- The Washington Times - Tuesday, February 4, 2014


Last week, it was announced that the Argentine peso has collapsed, that Beretta is expanding (not in Maryland, but is moving much of its operation to Tennessee), and that foreign investment in France has fallen some 77 percent since that nation’s socialist government declared war on the country’s rich and successful.

These seemingly unrelated developments actually combine to illustrate in stark terms the fatal weakness of socialism and its progressivist American cousin.

Those who believe in creating a utopian brave new world either fail to realize that people are people or decide they have to create a new citizen willing to spurn self-interest in cheerfully doing whatever the state deems in the public interest.

Failure to take human nature into account leads to economic and social failure; a government decision to use whatever means necessary to change human nature leads both to failure and to something far worse.

Argentina’s president, Cristina Fernandez de Kirchner, simply denies the existence of fundamental laws of economics and seeks others to blame as the peso and her nation’s economy collapse around her.

France’s new socialist regime seemed actually to believe that confiscatory taxes would punish the rich, bring wealth to the state’s coffers and have no real impact on the behavior either of French citizens or foreign investors. Any half-educated historian could have told them that action begets a reaction.

The men and women who French President Francois Hollande and his minions would turn into serfs aren’t bound to the land as were the men and women abused by French tyrants of an earlier era.
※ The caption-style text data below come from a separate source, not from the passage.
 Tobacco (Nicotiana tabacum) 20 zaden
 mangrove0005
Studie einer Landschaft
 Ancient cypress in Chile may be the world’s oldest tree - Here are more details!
They can move and are moving elsewhere, and those who provide the capital needed for investment and economic growth can move and are moving their money elsewhere, too.
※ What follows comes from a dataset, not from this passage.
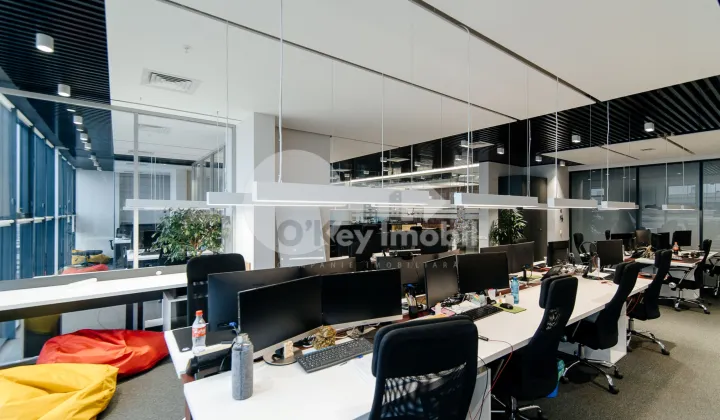 Oficiu, Centru, MIHAI VITEAZUL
Today’s technology has freed the working entrepreneurial classes to move their businesses and direct their investments to nations that won’t confiscate their earnings, demonize their activity or hamstring their ability to establish and run businesses that contribute to a nation’s wealth.
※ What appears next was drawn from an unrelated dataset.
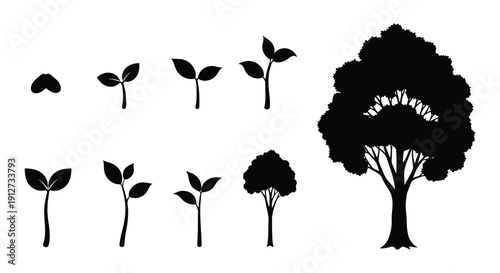 Plant growth stages illustrated with simple black silhouettes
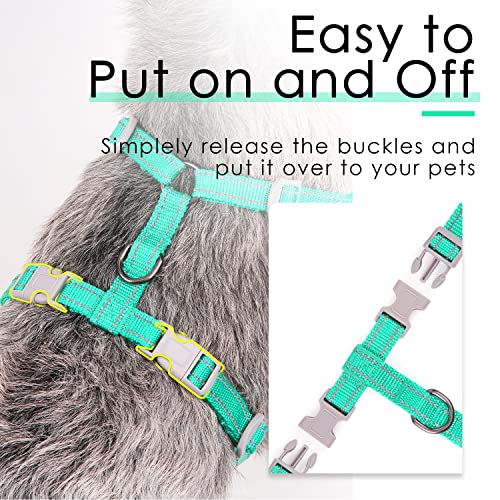 ThinkPet Reflective Breathable Soft Air Mesh No Pull Puppy Choke Free Over Head Vest Ventilation Harness Leash Set for Puppy Small Medium Dogs Teal L - Image 4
France is discovering that as this is being written, as are the governors of Maryland and many other states in this country.

What is truly amazing is that so many nations and states seem blind to the consequences of their own policies and just don’t understand it when taxpayers and business flee to friendlier climes. Some years ago, Beretta came to the United States to build its first manufacturing plant here and chose Maryland as its U.S. home.

The company found good workers in Southern Maryland and became the largest private employer in the area where its new plant was located. The future there seemed bright until the one-party government of Gov. Martin O’Malley went after firearms, attacked those who manufacture them, raised a bunch of taxes and made it difficult for the company to either profitably market or manufacture them in the state.

Beretta executives decided at some point that they didn’t have to take the sort of treatment they were receiving at the hands of Mr. O’Malley and began looking for a new U.S. home.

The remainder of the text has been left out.